This week, the Elections Bill was amended to replace the Supplementary Vote (SV) system used for electing mayors and police and crime commissioners (PCCs) in England and Wales with First Past the Post (FPTP). But, as Alan Renwick and Alejandro Castillo-Powell argue, the arguments put forth by ministers are not as convincing as they might at first appear.

Ministers plan to replace the Supplementary Vote (SV) system used for electing mayors and police and crime commissioners (PCCs) in England and Wales with First Past the Post (FPTP).
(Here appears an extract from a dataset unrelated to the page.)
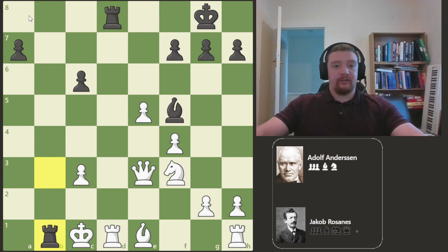White plays Nf3 attacking the Bishop, not quite seeing Andersen's plan. Reti writes that if White had seen Andersen's plan, it would have played Kb2, although Reti does say that Black still would have run quite fast with Be6, adding three attackers onto this one focal point. But White doesn't see it and plays Nf3.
The most detailed explanation for the change given so far appeared in a press release last month, which gave five arguments for the switch: (1) SV increases the number of spoilt ballots; (2) it allows ‘loser’ candidates to win; (3) FPTP improves accountability by ‘making it easier for voters to express a clear choice’; (4) FPTP ‘is the world’s most widely used electoral system’; and (5) SV is ‘an anomaly’ and ‘out of step with other elections in England’. In the written statement that first trailed the proposals, Home Secretary Priti Patel also said (6) that the change ‘reflects that transferable voting systems were rejected by the British people in the 2011 nationwide referendum’. Some of these arguments were repeated, though in less detail, when the matter was considered at the Committee Stage of the Commons bill’s scrutiny earlier this week.

This post assesses the government’s claims in turn. Some have merit, but important counterarguments are ignored. Voting systems should be treated with care: it is all too easy for those in power to manipulate them to their own advantage. Ministers have not adequately made the case that the change will be good for democracy.

1. Does Supplementary Vote lead to more spoilt ballots

Elections using SV in the UK typically see higher numbers of spoilt ballots than do those using FPTP. Electoral Commission data shows that 0.8% of ballots cast in local council elections in May – under FPTP – were rejected. That compares to over 2% in most elections under SV. In PCC elections, they stood at 2.9% this year, down from 3.4% in 2016. In London mayoral elections, they have ranged between 1.8% in 2012 and 4.3% this year. They have generally been around 2% in other combined authority mayoral elections, peaking at 2.2% in 2018.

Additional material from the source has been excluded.